There is lately a discussion that VMware virtualized SCSI driver will abstract the abort transaction and answers to the request virtually as there us no such command comming from the NFS storage under it that can we forwarded.
Check out Eric_W comments on the following website: https://social.technet.microsoft.com/Forums/en-US/c8b4a605-3083-4d0f-b3aa-62ea57cc6d43/support-for-exchange-databases-running-within-vmdks-on-nfs-datastores?forum=exchangesvrgeneral
He describes why this is not a final answer for NFS Storage under VMware and Exchange Databases. As NFS Storage can not abort the transaction and the virtual SCSI driver in case there is a bad thing happen with Exchange. The virtual SCSI driver will give a answer back but the driver do not know by design of NFS if the transaction was really aborted or it was written to the storage. As Exchange recovery process relay on the physical correct data this is problematic and the corruption detection proccess will report a Jet Error 1018. If you alread ran into this error, check the following: http://www.exchangerecover.com/blog/exchange-server-error-messages.html
3. VMware+Exchange Design + Background informations:
Please check this link and the whitepapers linked on the bottom. The whitepapers containing outstanding background informations for your exchange platform design.
There are also 2 interessting Webinars from VMware
For VMware and Hyper-V
– Do not go higher than 2-to-1 in Virtual CPU to Physical Core ratio. Microsoft strongly recommend a ratio of 1-to-1 on the host where the Exchange Server runs.
– Do not use Hyper-Threading ressources when you do the Exchange sizing. Calculate with the physical cores.
– Exchange is not NUMA Aware. So if you can, please size the Exchange VM that way that it can run within a single NUMA node. The idea is to not give Exchange more ressources just because they are free and available if you can run the exchange within one NUMA node with enough ressources. Let Exchange work with the direct memory access if you can.
– Use thick provisioning for the disks for better performance but use thin provisioning for backup and restore optimization.
– Give the OS disk enough spare space and place it on a fast storage system as well (do not place it on a datastore with hundreds of other VM boot volumes.)
– Do not enable deduplication (not supported) or compression (not recommended) on your primary storage that runs the virtualized Exchange workload.

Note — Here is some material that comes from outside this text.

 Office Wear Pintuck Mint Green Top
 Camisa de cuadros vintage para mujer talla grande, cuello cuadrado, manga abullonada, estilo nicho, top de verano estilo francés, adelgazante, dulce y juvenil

– Use anti-affinity rules to acoid that members of the same DAG run on the same virtualization host.
– Do not use Dynamic Memory
– Reserve 2 physical Cores for the Host OS
– If you perform on Host Backups reserve Ressources for this as well (RAM/CPU)
– Use VHDX whenever it is possible (max 64TB + improved sector alignment + more corruption resistent on power failures)
– Don´t forget to plan the space for the *.bin file (equal to memory size)
Check if you have the latest Exchange Updates installed. For Example:
Cumulative Update 3 for Exchange Server 2013
to address random backup problem with Event ID 2112 and 2180
4. More Veeam specific Exchange Tips and Tricks for DAG and mailbox role backups:
In general, if you use virtualization based backups for Exchange, there is a chance to hit one of 2 problems:
– Exchange DAG cluster failovers
– Exchange VSS timeouts (Exchange hard coded 20 second timeout between start of consistency processing and release.
If you design your Exchange environment that way you will likely prevent those problems and you address the VMware DRS, Storage DRS and vMotion scenarios in most of the cases as well.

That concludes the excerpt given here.